§ TASK DETAILS: Find the line with "270 Haute - Superb In Paris. Apartment" in the records below. Copy it and every line after it, up to and including the line with "ورودی حسینیه نوگاباد".

§ DATA SECTION:
Segment Open
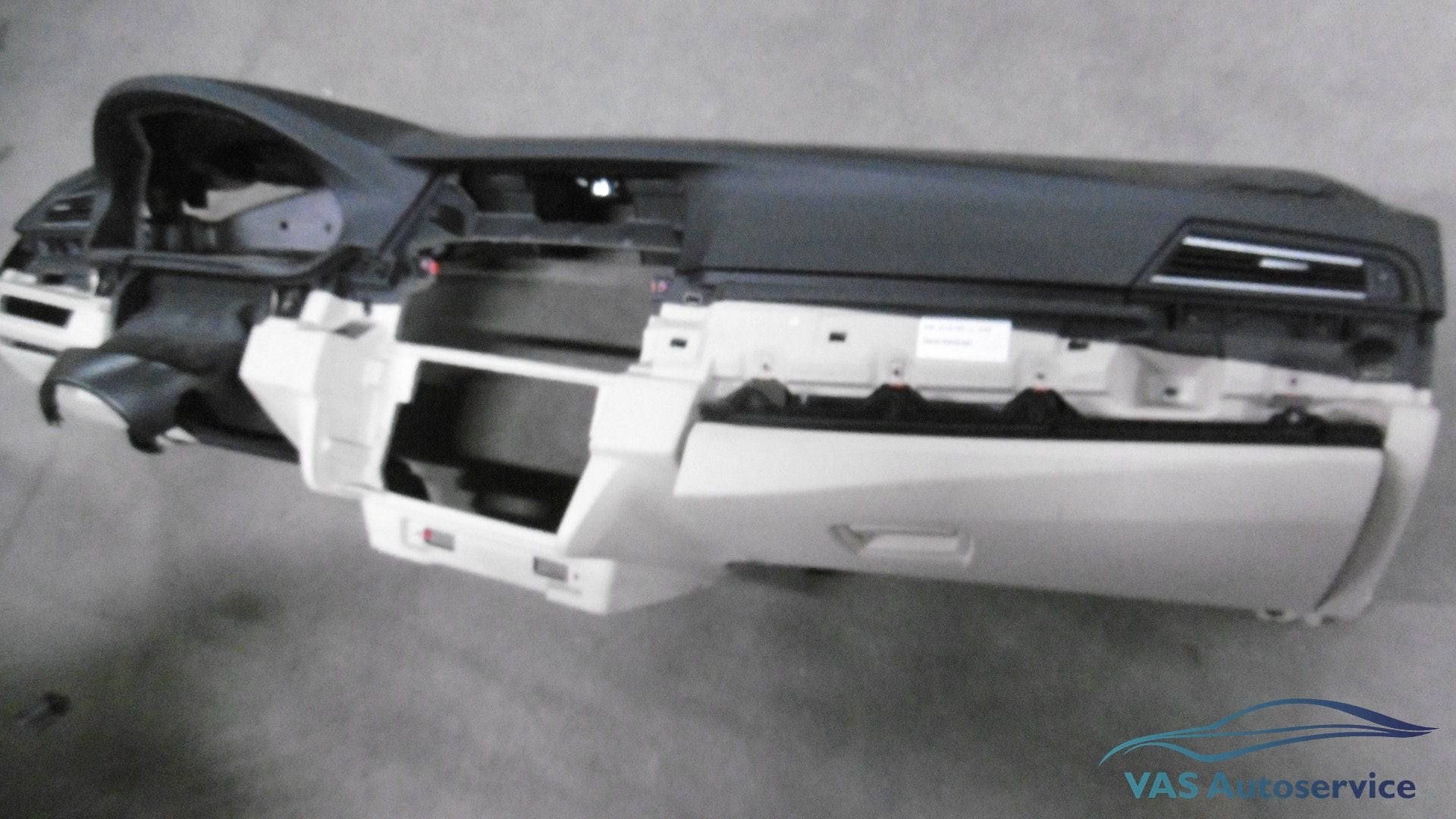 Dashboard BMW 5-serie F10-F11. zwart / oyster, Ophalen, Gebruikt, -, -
Segment Closed
Segment Open
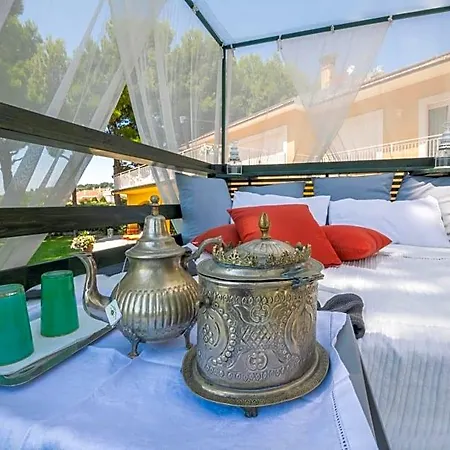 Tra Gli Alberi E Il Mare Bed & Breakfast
Segment Closed
Segment Open
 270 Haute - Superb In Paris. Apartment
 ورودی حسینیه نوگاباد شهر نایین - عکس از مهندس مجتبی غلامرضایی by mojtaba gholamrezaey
Segment Closed
§ SOLUTION:
 270 Haute - Superb In Paris. Apartment
 ورودی حسینیه نوگاباد شهر نایین - عکس از مهندس مجتبی غلامرضایی by mojtaba gholamrezaey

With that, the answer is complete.